A summary of OS formats in Clear Linux

Copyright

(C) 2018 Intel Corporation, CC-BY-SA-3.0

Manual section

7

SYNOPSIS

/usr/share/defaults/swupd/format

DESCRIPTION

A format defines a range of OS versions that have compatible update metadata and content. An update client can update a system from the oldest version in the format to the latest version in the format without worrying about compatibility issues in the update content for the version it is updating to.

A format bump occurs when the update metadata or content is changed in such a way that will cause client updates to break. In this case the format number must be incremented so clients will not attempt to update to the new versions in the new format without crossing the format boundary. Update clients update only to the latest build in their format. Once that update is complete the update client may then update forward again because the last version in the current format has identical content to the first version in the new format, including the new update client needed to understand the new format.
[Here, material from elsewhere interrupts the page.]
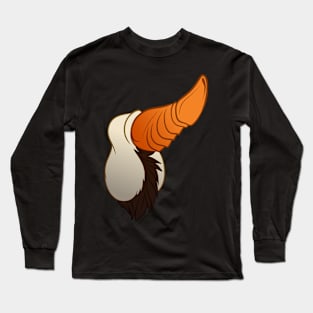 NSFW Aycke Stag Dick Long Sleeve T-Shirt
Because the update system in Clear Linux (swupd) has auto-update turned on by default most users will never be aware of their system changing to a new format. Those users who have disabled auto-update may occasionally see swupd perform two updates in a row when they only invoked swupd update once. This is because swupd detects when it crossed a format boundary and immediately re-executes an update to carry it to the latest version in the new format. This re-execution will actually invoke the new version of swupd that was delivered in the first update.

Format bumps are simply a way for Clear Linux to introduce breaking changes to the OS without breaking user’s update stream or workflow.